WHAT TO WORK ON. Copy out exactly the lines from the one containing "Room 9 of 29" through the end of the records, and no pictures.

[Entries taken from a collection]
· · · · · · ·

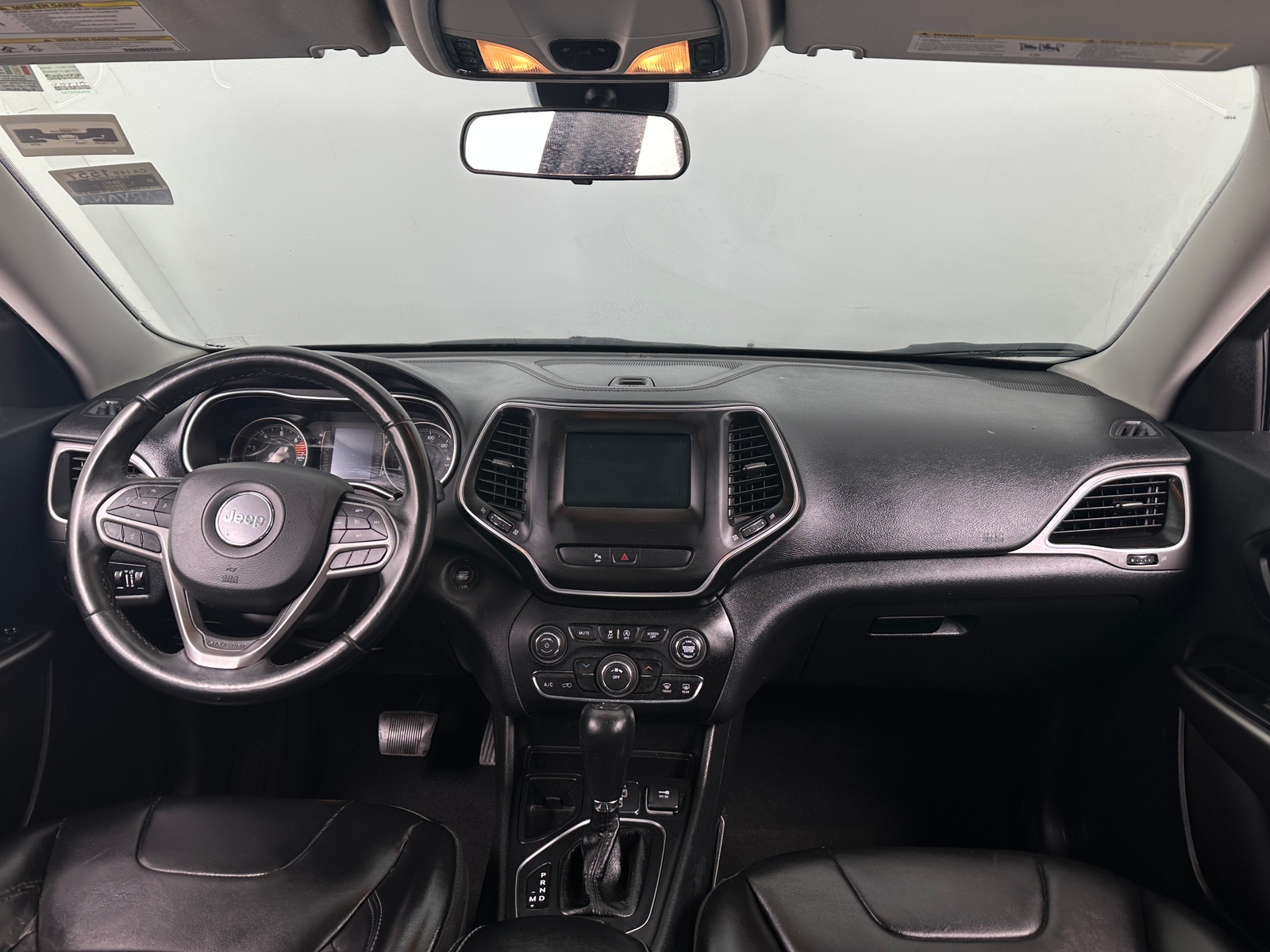 Thumbnail: 2019 Jeep Cherokee - 3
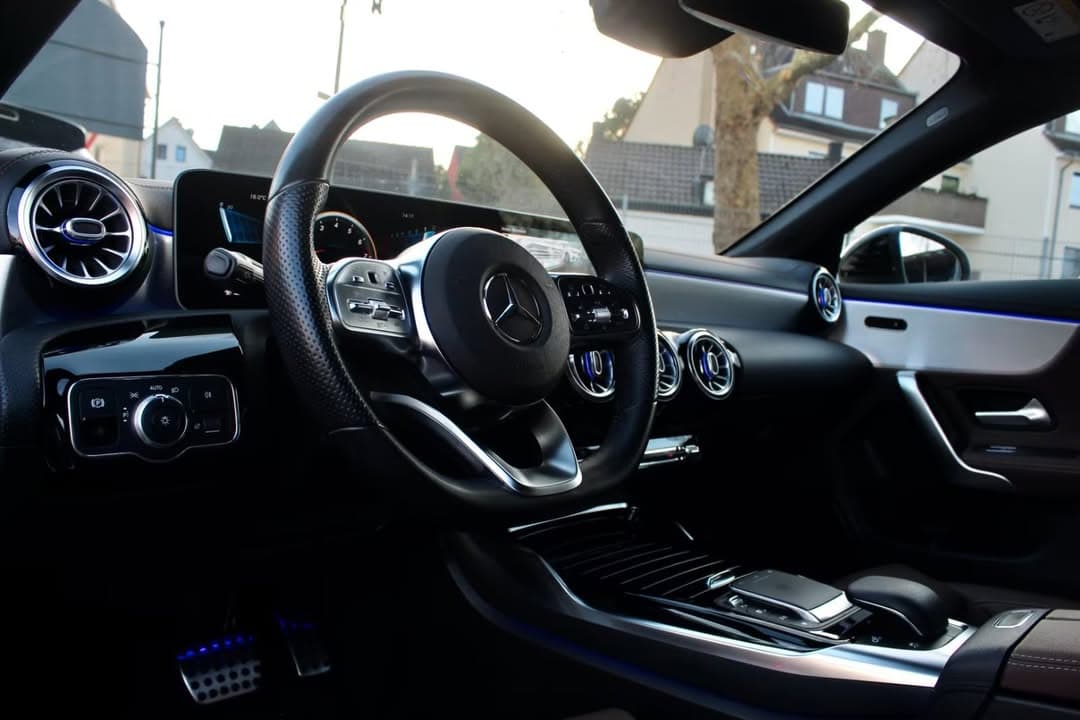 Mercedes-Benz CLA miniature 5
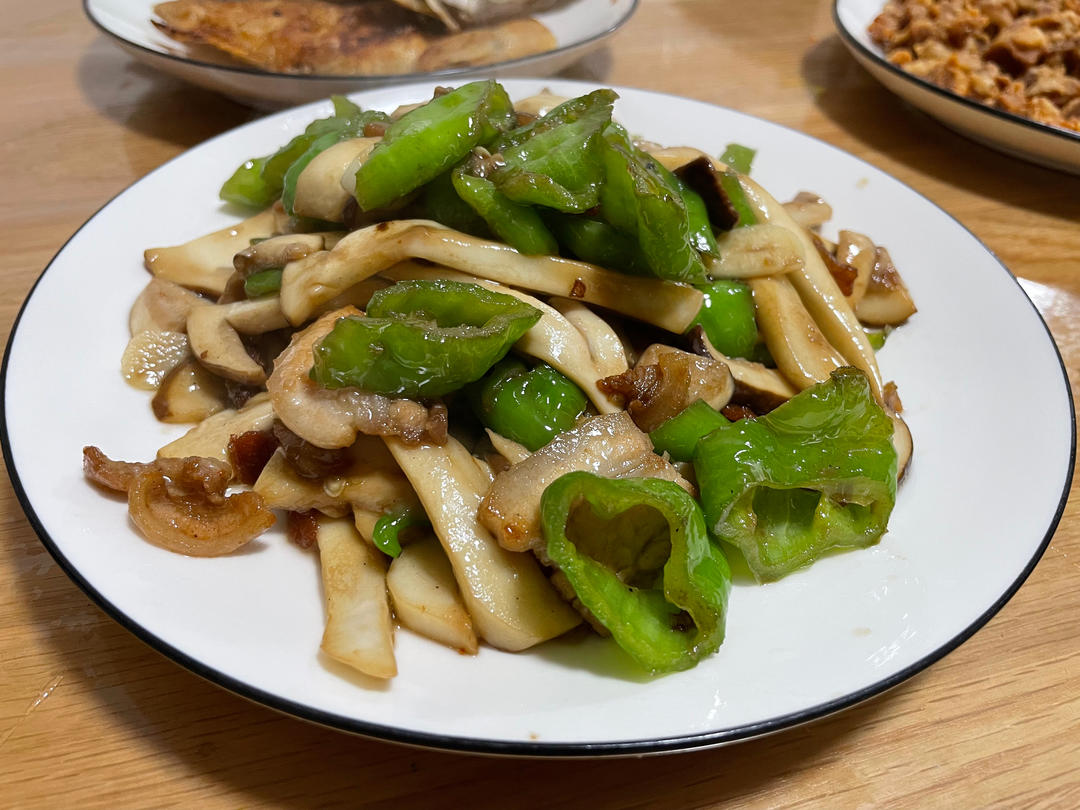 赤松茸炒肉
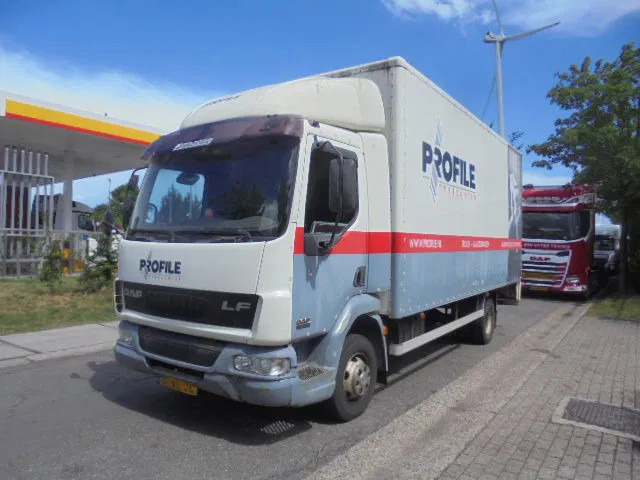 DAF LF 45 150 NL TRUCK SERVICE TRUCK SERVICE TRUCK MET COMPRESSOR - Kamion vagonetë: foto 1 DAF LF 45 150 NL TRUCK SERVICE TRUCK SERVICE TRUCK MET COMPRESSOR - Kamion vagonetë: foto 1
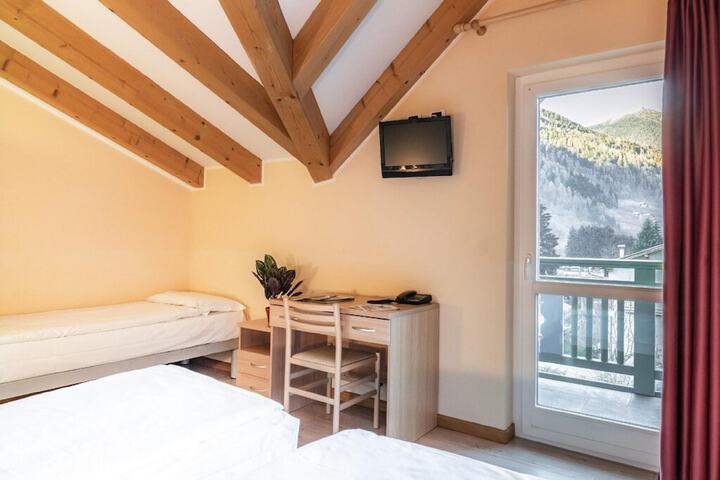 Room 9 of 29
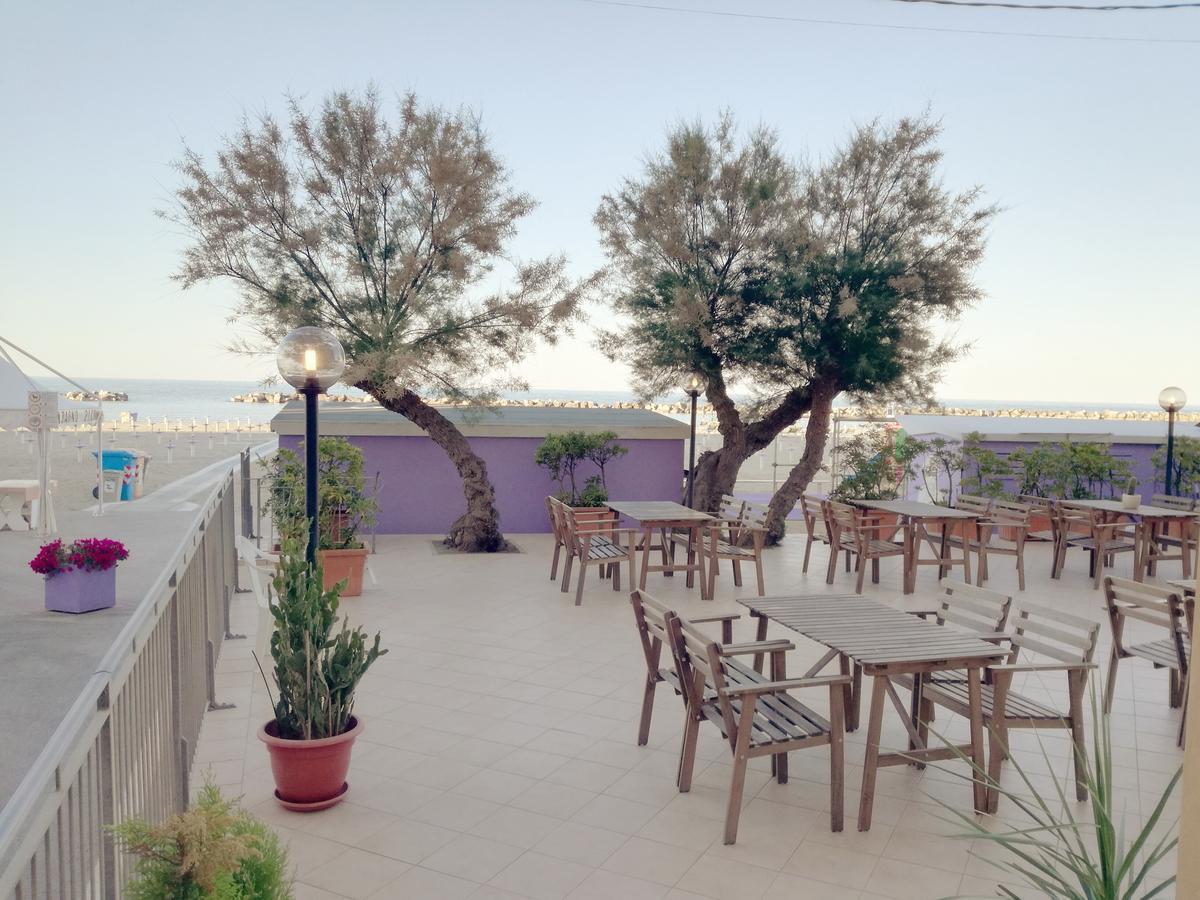 Hotel Gabbiano Sul Mare Nuova Gestione Белларія-Іджеа-Марина Екстер'єр фото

· · · · · · ·

WRITTEN ANSWER.
 Room 9 of 29
 Hotel Gabbiano Sul Mare Nuova Gestione Белларія-Іджеа-Марина Екстер'єр фото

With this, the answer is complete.